***** Source material

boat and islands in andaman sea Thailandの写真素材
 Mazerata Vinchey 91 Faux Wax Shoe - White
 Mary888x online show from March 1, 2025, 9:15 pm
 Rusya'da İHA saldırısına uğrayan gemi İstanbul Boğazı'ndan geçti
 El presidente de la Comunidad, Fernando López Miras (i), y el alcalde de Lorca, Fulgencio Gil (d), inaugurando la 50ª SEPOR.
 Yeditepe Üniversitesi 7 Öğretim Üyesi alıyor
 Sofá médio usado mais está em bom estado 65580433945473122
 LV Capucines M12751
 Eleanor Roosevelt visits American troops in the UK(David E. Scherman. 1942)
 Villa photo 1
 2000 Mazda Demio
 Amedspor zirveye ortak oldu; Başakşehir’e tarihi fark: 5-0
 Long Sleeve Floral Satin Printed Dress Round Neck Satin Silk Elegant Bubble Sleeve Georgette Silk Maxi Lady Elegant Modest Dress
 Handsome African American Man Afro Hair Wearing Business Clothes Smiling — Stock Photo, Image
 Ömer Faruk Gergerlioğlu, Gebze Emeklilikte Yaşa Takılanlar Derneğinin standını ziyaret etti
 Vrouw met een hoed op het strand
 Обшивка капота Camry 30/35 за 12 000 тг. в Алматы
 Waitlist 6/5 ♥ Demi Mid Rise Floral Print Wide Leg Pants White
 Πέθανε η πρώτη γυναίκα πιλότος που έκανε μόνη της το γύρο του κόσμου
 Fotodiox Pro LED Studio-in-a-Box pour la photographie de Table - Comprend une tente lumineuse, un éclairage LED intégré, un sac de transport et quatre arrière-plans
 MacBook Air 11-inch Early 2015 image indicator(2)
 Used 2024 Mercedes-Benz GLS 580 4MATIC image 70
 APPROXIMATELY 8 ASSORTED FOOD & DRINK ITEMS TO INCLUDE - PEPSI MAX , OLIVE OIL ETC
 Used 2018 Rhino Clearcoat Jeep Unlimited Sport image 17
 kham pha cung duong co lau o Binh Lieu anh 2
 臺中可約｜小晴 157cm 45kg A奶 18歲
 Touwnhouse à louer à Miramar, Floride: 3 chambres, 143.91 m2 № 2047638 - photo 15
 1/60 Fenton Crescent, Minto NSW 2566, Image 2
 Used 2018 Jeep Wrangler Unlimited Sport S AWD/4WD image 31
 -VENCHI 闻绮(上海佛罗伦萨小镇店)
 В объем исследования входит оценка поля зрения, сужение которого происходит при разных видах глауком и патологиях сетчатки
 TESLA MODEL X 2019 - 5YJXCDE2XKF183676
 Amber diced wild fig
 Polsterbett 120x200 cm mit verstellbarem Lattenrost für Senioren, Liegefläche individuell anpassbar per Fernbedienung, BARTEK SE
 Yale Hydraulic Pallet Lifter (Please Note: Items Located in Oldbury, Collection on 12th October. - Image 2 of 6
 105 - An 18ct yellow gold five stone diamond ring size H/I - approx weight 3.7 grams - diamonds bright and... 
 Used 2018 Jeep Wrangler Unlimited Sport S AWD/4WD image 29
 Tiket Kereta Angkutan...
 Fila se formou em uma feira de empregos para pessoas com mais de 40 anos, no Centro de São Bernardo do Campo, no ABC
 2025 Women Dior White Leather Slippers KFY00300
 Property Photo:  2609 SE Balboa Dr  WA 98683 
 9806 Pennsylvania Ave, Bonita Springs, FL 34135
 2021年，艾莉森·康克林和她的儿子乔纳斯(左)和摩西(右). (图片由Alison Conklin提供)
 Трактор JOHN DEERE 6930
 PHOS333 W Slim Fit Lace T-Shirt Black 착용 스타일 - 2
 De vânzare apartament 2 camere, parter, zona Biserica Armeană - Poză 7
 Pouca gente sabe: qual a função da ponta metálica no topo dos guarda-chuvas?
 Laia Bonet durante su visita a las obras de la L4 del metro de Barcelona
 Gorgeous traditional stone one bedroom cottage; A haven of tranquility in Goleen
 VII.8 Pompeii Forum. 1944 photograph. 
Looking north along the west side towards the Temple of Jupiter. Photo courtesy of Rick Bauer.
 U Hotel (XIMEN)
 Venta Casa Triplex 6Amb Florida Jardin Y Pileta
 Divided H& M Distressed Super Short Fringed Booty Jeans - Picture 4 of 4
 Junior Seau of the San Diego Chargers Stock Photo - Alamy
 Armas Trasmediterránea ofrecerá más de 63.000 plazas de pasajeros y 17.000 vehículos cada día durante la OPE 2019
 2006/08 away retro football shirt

**********

- **Brief**
Take the lines from the first line of the listing up to and including the line with "LV Capucines M12751" and give them again exactly.

- **Solution for this problem**
boat and islands in andaman sea Thailandの写真素材
 Mazerata Vinchey 91 Faux Wax Shoe - White
 Mary888x online show from March 1, 2025, 9:15 pm
 Rusya'da İHA saldırısına uğrayan gemi İstanbul Boğazı'ndan geçti
 El presidente de la Comunidad, Fernando López Miras (i), y el alcalde de Lorca, Fulgencio Gil (d), inaugurando la 50ª SEPOR.
 Yeditepe Üniversitesi 7 Öğretim Üyesi alıyor
 Sofá médio usado mais está em bom estado 65580433945473122
 LV Capucines M12751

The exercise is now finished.